(Your objective)
Search the listing below for the line with "百合应如何保鲜 运输过程中的百合如何保鲜", then write out that line and every one after it exactly, without the pictures.

(Records shown)
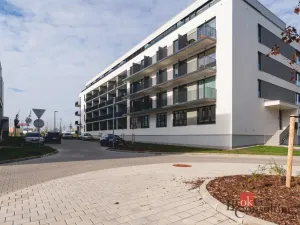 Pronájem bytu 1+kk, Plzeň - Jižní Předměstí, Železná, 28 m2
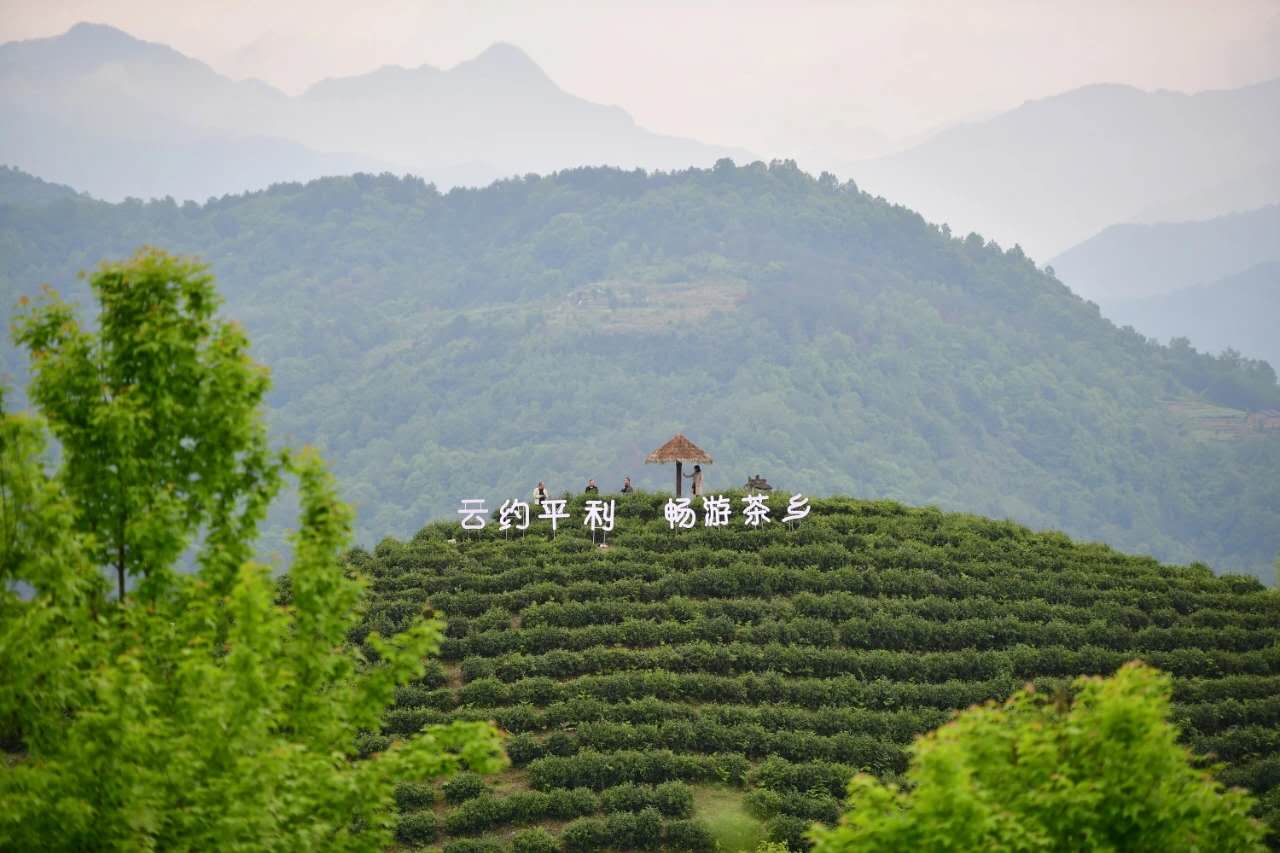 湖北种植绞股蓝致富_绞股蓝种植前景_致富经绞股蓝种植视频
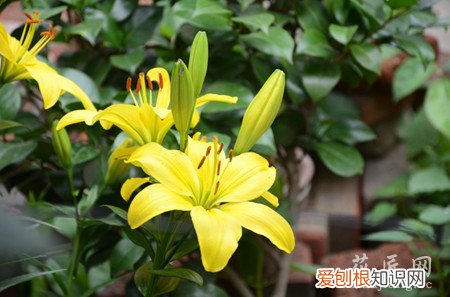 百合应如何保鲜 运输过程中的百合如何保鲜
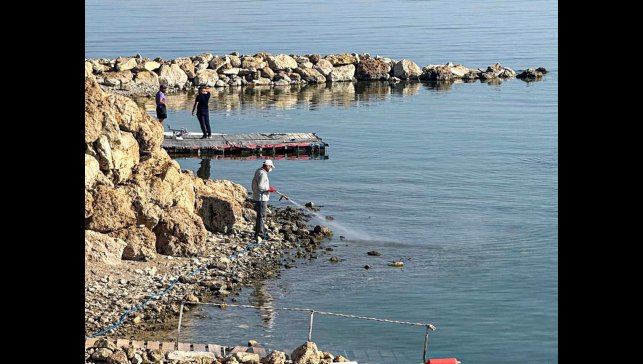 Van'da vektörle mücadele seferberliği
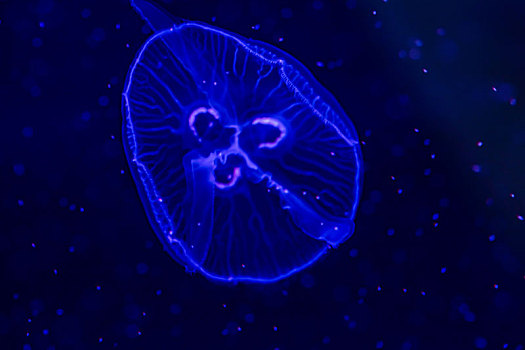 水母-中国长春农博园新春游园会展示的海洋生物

(Solution for this task)
 百合应如何保鲜 运输过程中的百合如何保鲜
 Van'da vektörle mücadele seferberliği
 水母-中国长春农博园新春游园会展示的海洋生物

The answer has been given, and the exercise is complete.